Ce sont leurs troisièmes Jeux et chacun avec un rôle différent. Le premier, à Atlanta 1996, en tant que joueur de l'équipe dirigée par Javier Clemente (tombé en quarts de finale). Le deuxième, à Tokyo 2020 (argent), en tant qu'assistant de Luis de la Fuente, dont il a hérité de la deuxième étape de l'Espagne (sous-21 et olympique) lors de sa promotion en équipe senior. Et désormais à Paris, en tant que responsable des opérations sportives.

Le souvenir du titre olympique de Barcelone 1992 est revenu au repos à l'approche de la finale de vendredi. « Si nous avons passé tant d'années sans médaille d'or, c'est un défi de plus », a déclaré Denia.

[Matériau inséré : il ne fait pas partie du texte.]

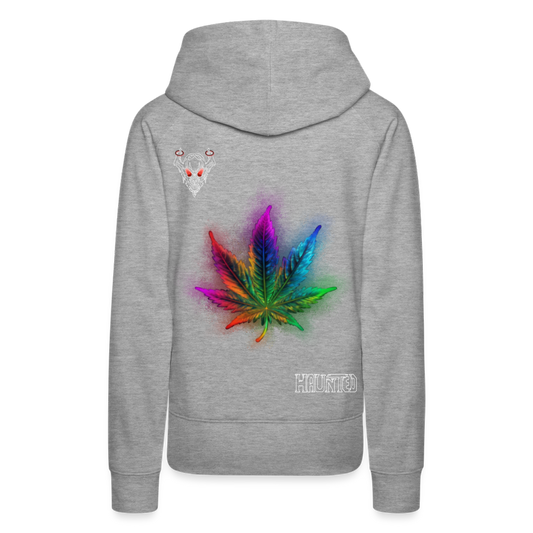 Woman Hoodie La Bonne Beuh - Grau meliert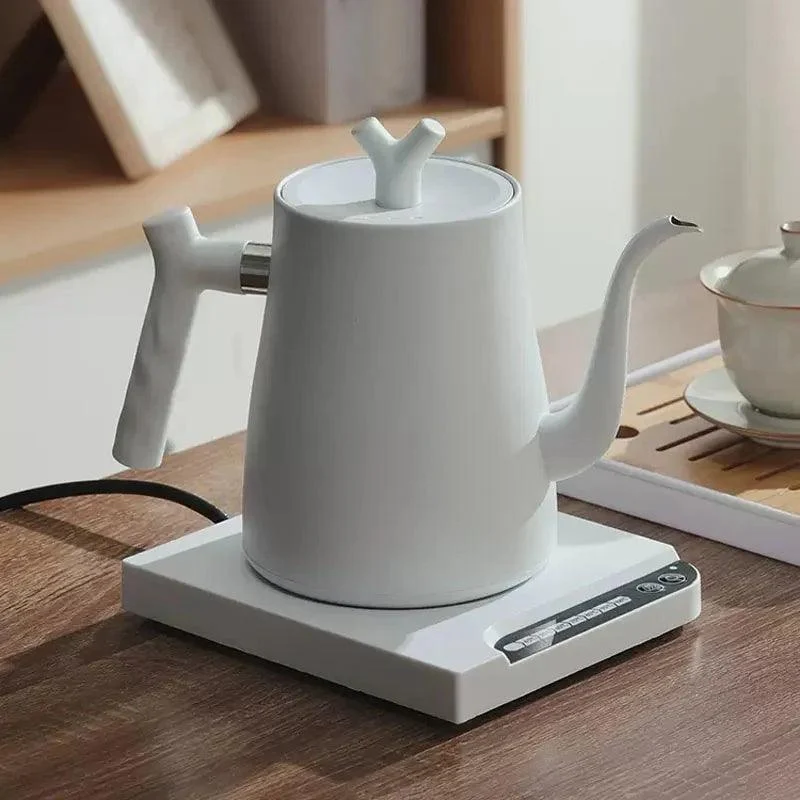 Minimalist Gooseneck Electric Kettle 1L -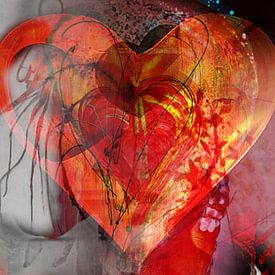 True love van Kirsti's Kunst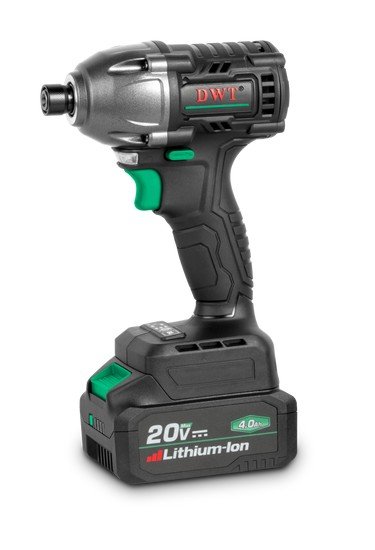 Гайковерт DWT ABWP-20 HDN-4C2 BMC (с 2-мя АКБ, кейс) - фото2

Le défi de l'équipe de football, qui compte quatre médailles olympiques (l'argent d'Anvers 1920, Sydney 2000 et Tokyo 2020, plus l'or de 92), dépasse également son monde car l'Espagne n'a plus remporté d'or en sport par équipe. le water-polo masculin à Atlanta 96. Une absence significative dans un domaine où le pays est une puissance.

Poussée à la vie itinérante au cours des deux dernières semaines après ses débuts au Parc des Princes, l'équipe n'est pas revenue au Village olympique après la demi-finale, où elle jouait pour ses débuts contre l'Ouzbékistan. Mardi, l'expédition a quitté Marseille pour se rendre dans un hôtel de la capitale française. Il y a 28 ans, Santi Denia ne mettait même pas les pieds à la Villa de Atlanta. Il n'a pas non plus atteint la finale qu'il affrontera ce vendredi contre les hôtes dans le très animé Parc des Princes.